Our candidate gene was selected based on prior linkage evidence for BPD on chromosome 18p and suggestive evidence of phosphorylation and signal transduction dysregulation in affective disorders (Newberg and others 2008
). This candidate gene approach has the advantage of taking prior research into account and provides adequate power for genes of small to moderate effect sizes. While recent technological advances have made it possible to conduct genome-wide association studies (GWAS) in complex diseases like BPD (Baum and others 2008
; TheWelcomeTrustCaseControlConsortium 2007
), the initial results have been limited with a lack of breakthrough findings and little or no replication between several datasets. Although the concept of a “hypothesis-free” design in GWAS is appealing as an approach to discover new genes and pathways involved in neuropsychiatric disease, it ignores previous advances in neuroscience research and disregards a priori
biological relevance. It is furthermore likely that much larger sample sizes are needed for GWAS, in the ten-thousands, in order to achieve adequate power in the face of multiple testing (Frayling 2007
). Candidate gene approaches, including cluster analyses of genes involved in neurobiological pathways, are thus still a reasonable strategy to investigate genetic factors of complex disorders (Serretti and Mandelli 2008
). Although our SNP selection was based on available HapMap data and four tagging SNPs were selected in order to cover the majority of the gene region, it is possible that we missed additional markers that might have been associated with disease. As indicated by the relatively weak observed LD, additional genotyping of markers might improve gene coverage; however, ultimately future studies will also have to include deep sequencing of this genomic region in order to detect rare variants that might confer risk to disease.

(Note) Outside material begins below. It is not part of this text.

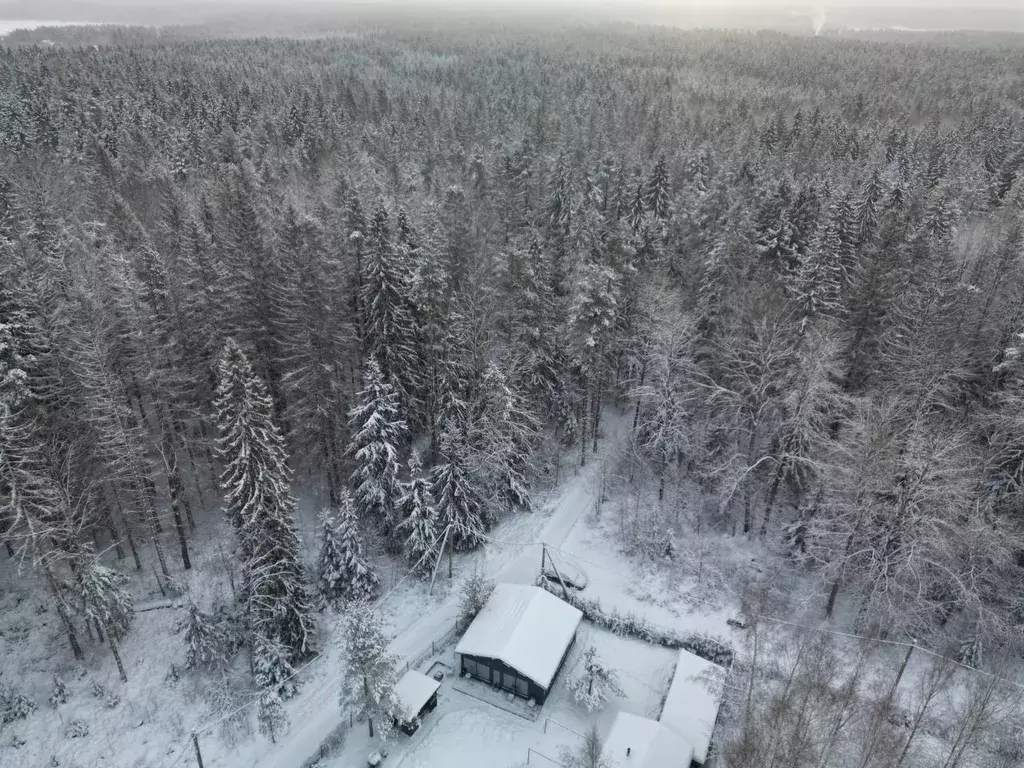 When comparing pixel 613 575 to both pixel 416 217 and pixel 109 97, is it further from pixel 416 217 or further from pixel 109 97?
pixel 109 97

In conclusion, we show a positive association between polymorphisms in the MPPE1 gene and BPD. While the study requires replication in an independent sample, it provides additional information on the 18p genomic region and serves to further characterize this region that has been implicated in BPD. Additional experiments, including subphenotype and endophenotypic analyses, are necessary to elucidate the genetic factors contributing to the linkage peak on 18p11.